旅館のコスト削減は、極力お客様に影響のないところで行うべきであり、影響が出る場合でもうまく演出することが必要です。「環境のために」というのが一番理解を得やすいでしょうか。国の「クールビズ」だって、コスト削減ですからね。人件費の次に大きい「食材原価」に関しても、料理だって、技術力のない調理人はすぐ「高価な食材」を使いたがります。でも、車えびというのはブラックタイガーで、すずきはナイルパーチで、伊勢海老はロブスターで、毛がにはクリガニでとコスト削減の折、似非高級食材で代替してしまいます。そうではなく、野菜やきのこのようなありきたりの食材でも、演出で美味しく魅せるのが調理人の技術。旅館業界で、調理技術を伝授する講習会が少ないのが気がかりなんですよね。
そして、意外に大きいのが「営業経費」。自らの営業手法や商品企画ノウハウを持たない旅館は、これまで旅行会社に依存してきました。客室のうち何割かを旅行会社数社に「ブロック」として提供します。返してと言っても返してくれない時も少なくありません。そして直前に取消されることも・・・。売っていただいたら15%以上の手数料を支払います。インターネットで売ればコストも少なくて済む時代。こうした理不尽にも耐えながら、販売してもらっています。というのも、ブロック客室を少しでも引き上げようものなら、旅行会社の売上は激減するからです。旅行会社も決して悪気があるわけではなく、その要因は、むしろ消費者受けする商品を作れない旅館にも問題があるのです。調理人同様、商品づくりのための講習会などは、ほとんど行われていないので仕方ありません。全国に観光学を教える大学があるのに、経営者向けの実学は教えてくれないのが残念です。

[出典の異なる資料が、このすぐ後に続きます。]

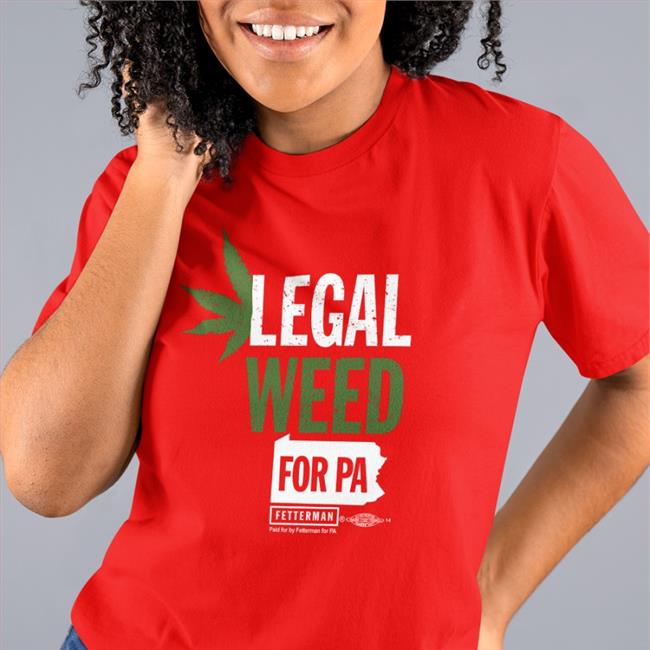 Legal Weed For Pa Sweatshirt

でも、見事に、数年間の経営改革期を経て、立派に再生していく旅館もぼちぼち出始めています。旅館にとっての最高の再生は、「私的整理(債務免除)していただいた責任を取り、経営者は退陣するけれど、(いったんスポンサーをはさんだり、しなかったりは様々ですが)経営改革期を経て、いずれは子息をトップとする会社を作り、そこに営業譲渡されるスキーム」。中小企業にとって事業承継は最大の課題。収益を生む事業モデルを作り上げる一方で、自らは責任を取って引退し、(場合によっては自己破産してでも)負債を適正化してから、事業を後継に託すことが、旅館再生の目的なのです。
旅館は、家業。
事業に失敗した結果、競売で異業種に買われていき、異業種が新しい事業モデルを生み出して市場を活性化していくのも旅館再生。でも、本来の旅館再生とは、代々その地で経営する家業が、新たな事業モデルを生み出し、新しい時代の「老舗」として脈々とその伝統と雇用の場を受け継いでいくことなのです。